[Dataset items]
-=-=-=-=-

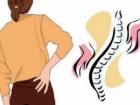 腰痹的症状 腰痹如何治疗 腰痹的注意事项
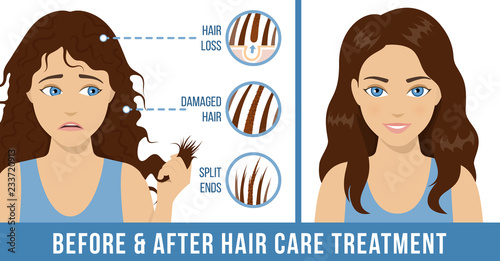Hair care. Common problems - split ends, damaged hair, hair loss. Before and after care treatment. Vector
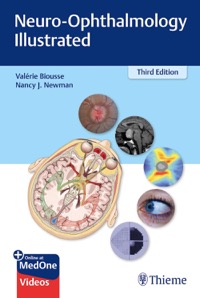 copertina di Neuro - Ophthalmology Illustrated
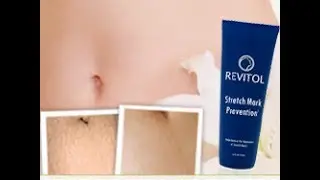 Best Stretch Mark Cream - See How Revitol's Stretch Mark Cream Helped Me Treat My Stretch Marks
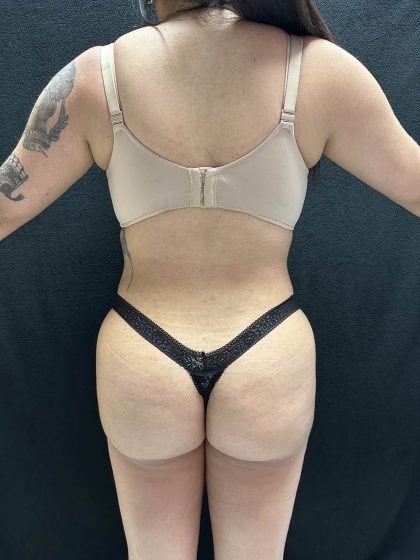 VASER Liposuction Before & After Patient #2614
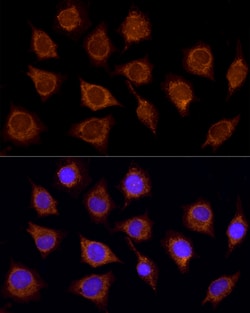 Invitrogen SUCLA2 Polyclonal Antibody 100 &mu;L; Unconjugated:Antibodies,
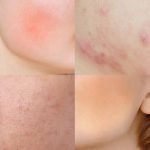 کرم ترمیم‌کننده پیشرفته آپومدرم | Apomederm Breath Dressing Cream - Image 8
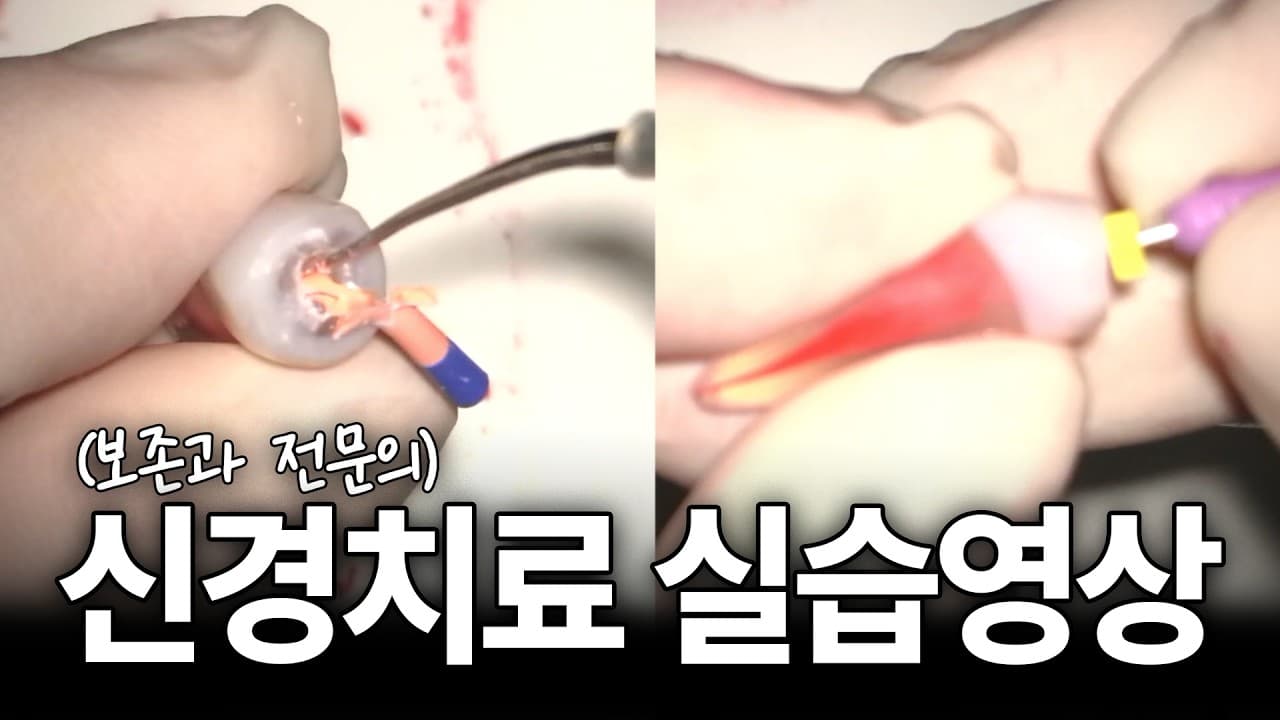 신경치료 첫 단계가 전체 결과를 가른다 영상 썸네일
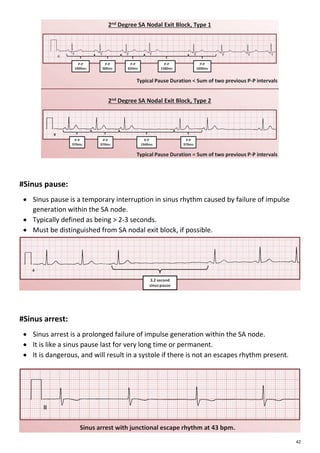 Ecg | PDF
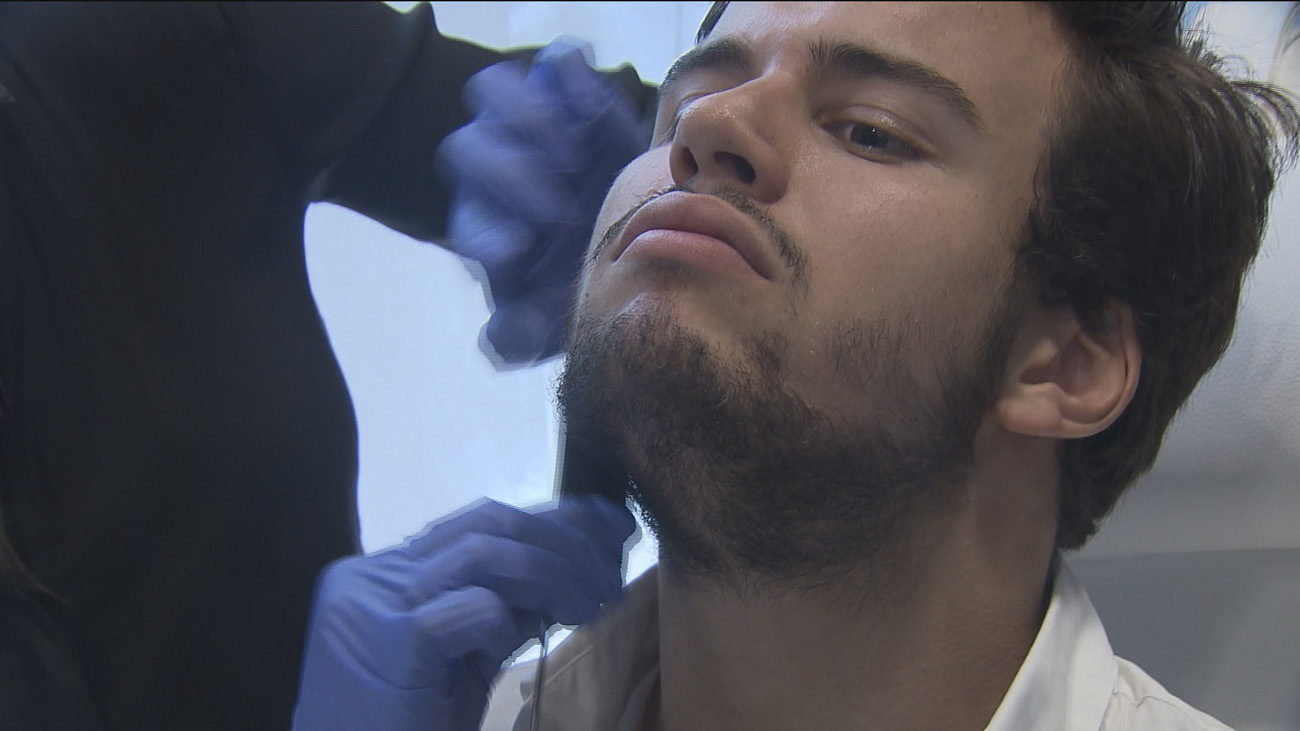 Injertos para repoblar la barba, la última tendencia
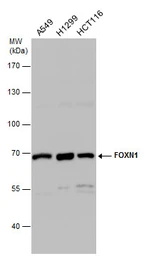 Anti-FOXN1 antibody [C3], C-term used in Western Blot (WB). GTX104849
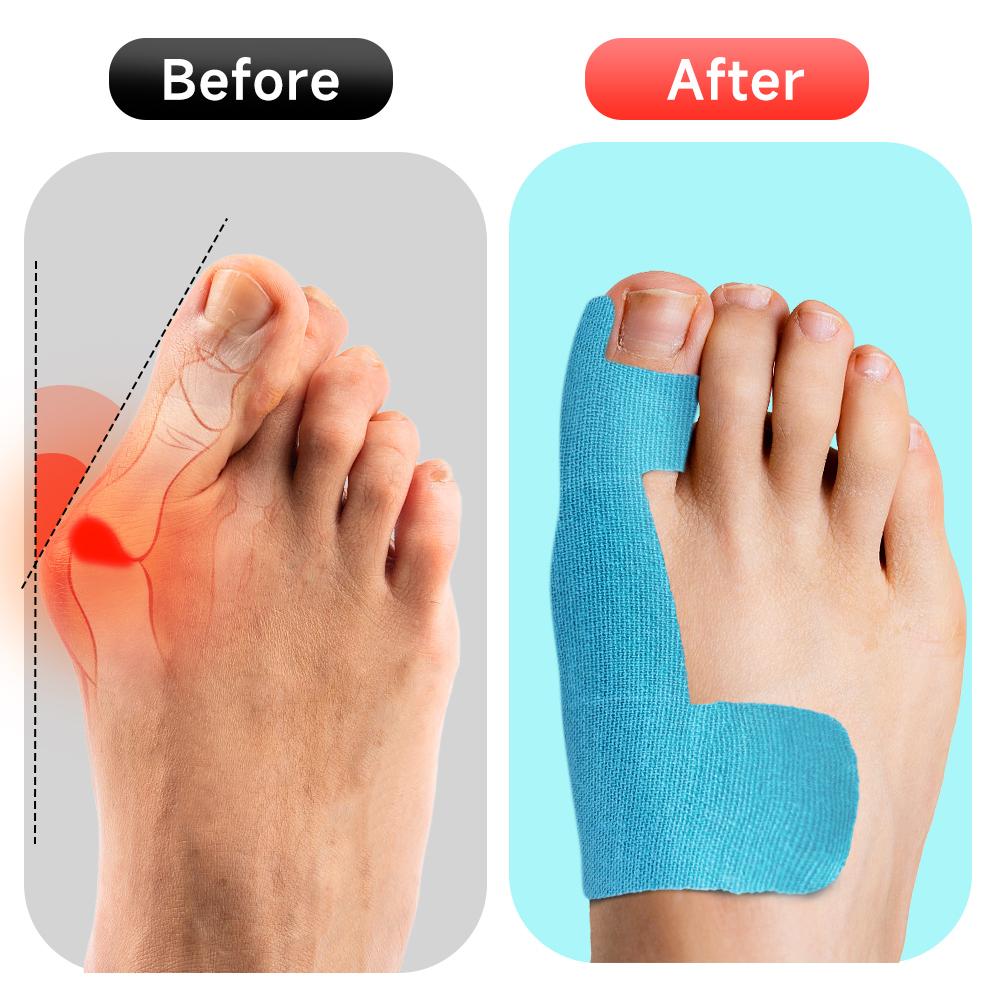 Корректирующая лента для косточки большого пальца стопы, ортез Hallux Valgus для облегчения боли в большом пальце ноги, коррекция, разделитель пальцев, спортивный защитный выпрямитель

-=-=-=-=-

● **Try it**
Please repeat, exactly as written, the lines in the records above, starting with the one that has "Best Stretch Mark" and going on through the one that has "Anti-FOXN1 antibody [C3], C-term". Pictures are to be left out.

● **Written answer**
 Best Stretch Mark Cream - See How Revitol's Stretch Mark Cream Helped Me Treat My Stretch Marks
 VASER Liposuction Before & After Patient #2614
 Invitrogen SUCLA2 Polyclonal Antibody 100 &mu;L; Unconjugated:Antibodies,
 کرم ترمیم‌کننده پیشرفته آپومدرم | Apomederm Breath Dressing Cream - Image 8
 신경치료 첫 단계가 전체 결과를 가른다 영상 썸네일
 Ecg | PDF
 Injertos para repoblar la barba, la última tendencia
 Anti-FOXN1 antibody [C3], C-term used in Western Blot (WB). GTX104849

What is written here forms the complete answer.